**INPUT DATA:**
_ _ _ _ _
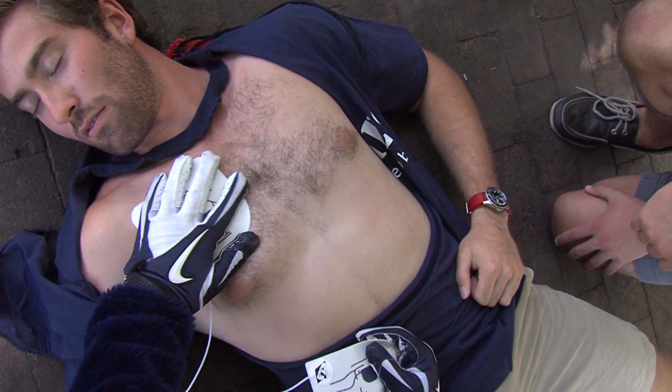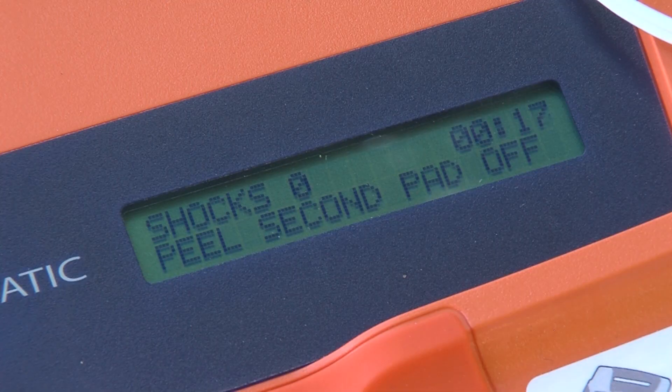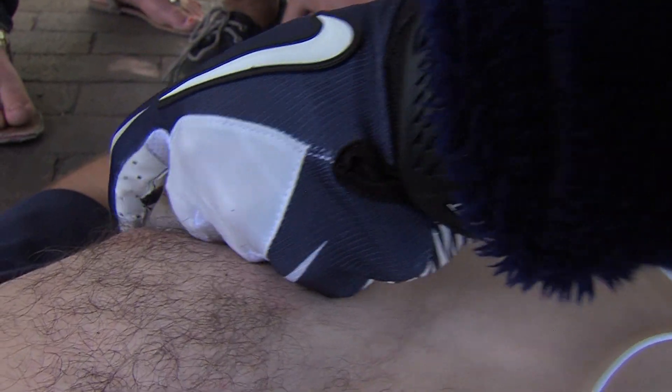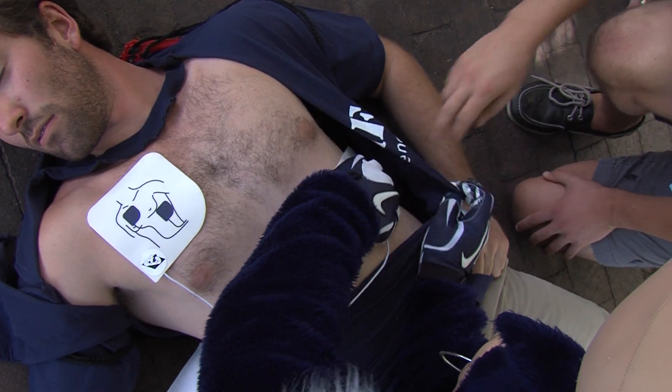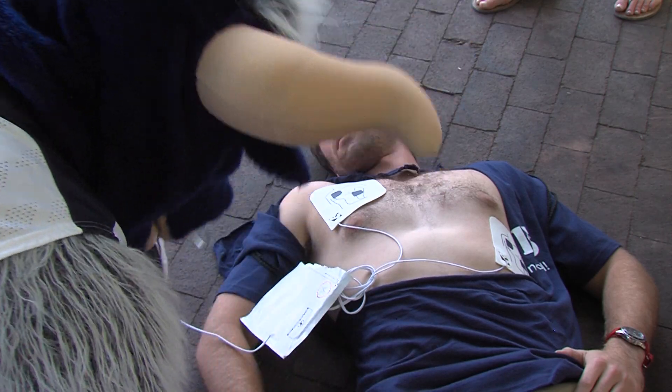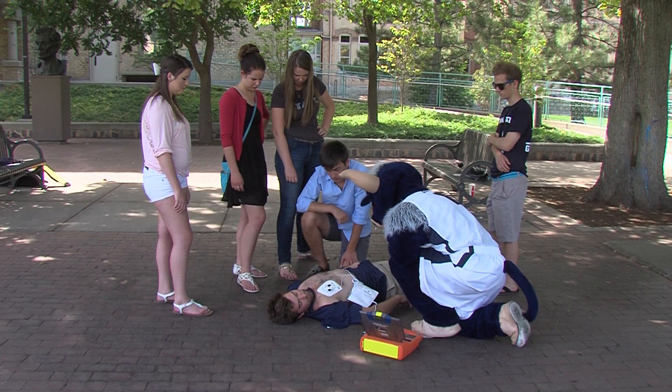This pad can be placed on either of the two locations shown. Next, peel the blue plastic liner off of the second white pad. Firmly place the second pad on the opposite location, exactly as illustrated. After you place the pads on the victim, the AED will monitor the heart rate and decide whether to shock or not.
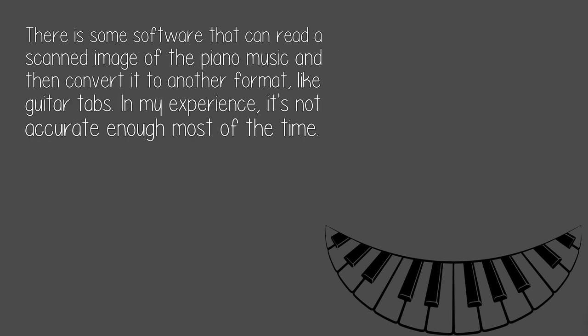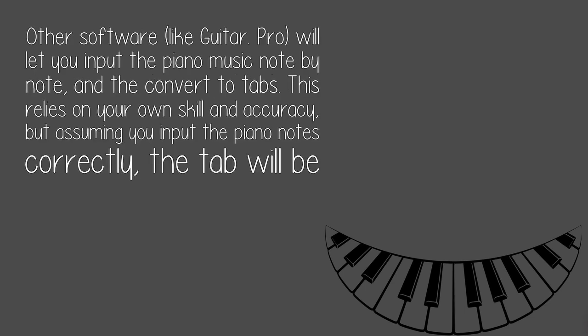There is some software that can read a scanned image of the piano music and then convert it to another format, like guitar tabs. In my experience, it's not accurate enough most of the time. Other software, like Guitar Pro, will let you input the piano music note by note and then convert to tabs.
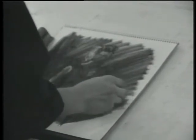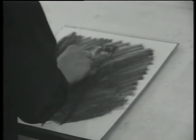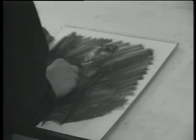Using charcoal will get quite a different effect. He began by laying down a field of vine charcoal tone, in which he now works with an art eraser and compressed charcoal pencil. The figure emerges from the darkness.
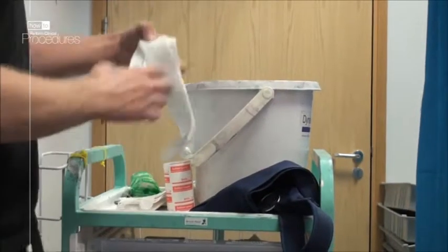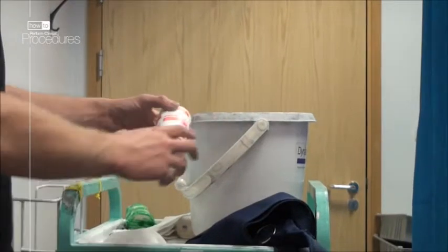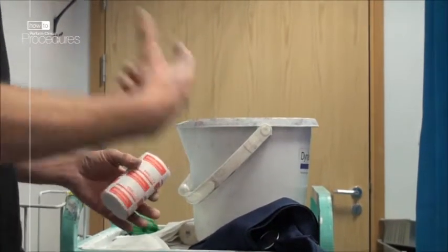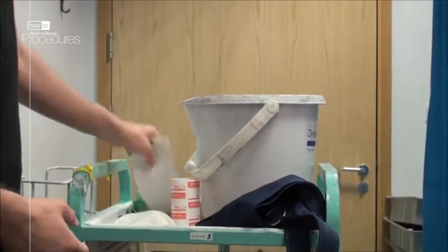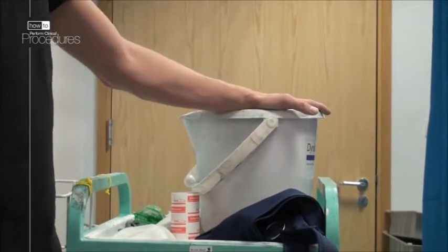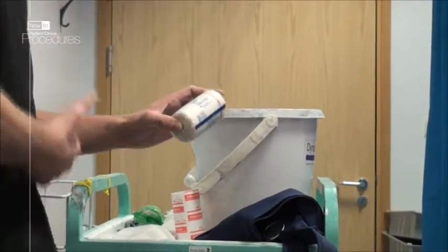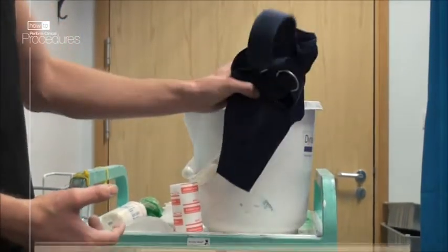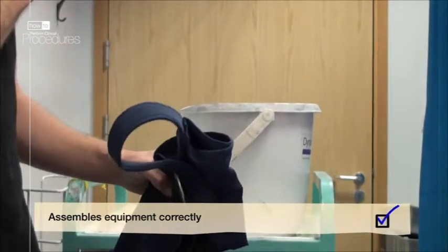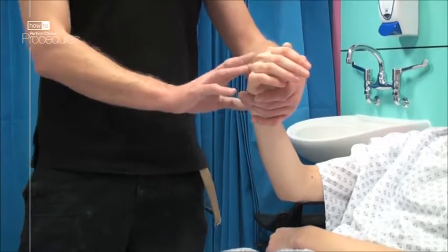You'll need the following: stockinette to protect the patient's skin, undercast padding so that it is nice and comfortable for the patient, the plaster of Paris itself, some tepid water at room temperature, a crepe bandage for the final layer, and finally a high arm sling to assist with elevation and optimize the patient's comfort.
_ _ _ _ _
**EXERCISE:**
With pictures left out, extract the lines from the one containing "There is some" to the end of the material above, both included, exactly as written.

**ANSWER SPACE:**
There is some software that can read a scanned image of the piano music and then convert it to another format, like guitar tabs. In my experience, it's not accurate enough most of the time. Other software, like Guitar Pro, will let you input the piano music note by note and then convert to tabs.
Using charcoal will get quite a different effect. He began by laying down a field of vine charcoal tone, in which he now works with an art eraser and compressed charcoal pencil. The figure emerges from the darkness.
You'll need the following: stockinette to protect the patient's skin, undercast padding so that it is nice and comfortable for the patient, the plaster of Paris itself, some tepid water at room temperature, a crepe bandage for the final layer, and finally a high arm sling to assist with elevation and optimize the patient's comfort.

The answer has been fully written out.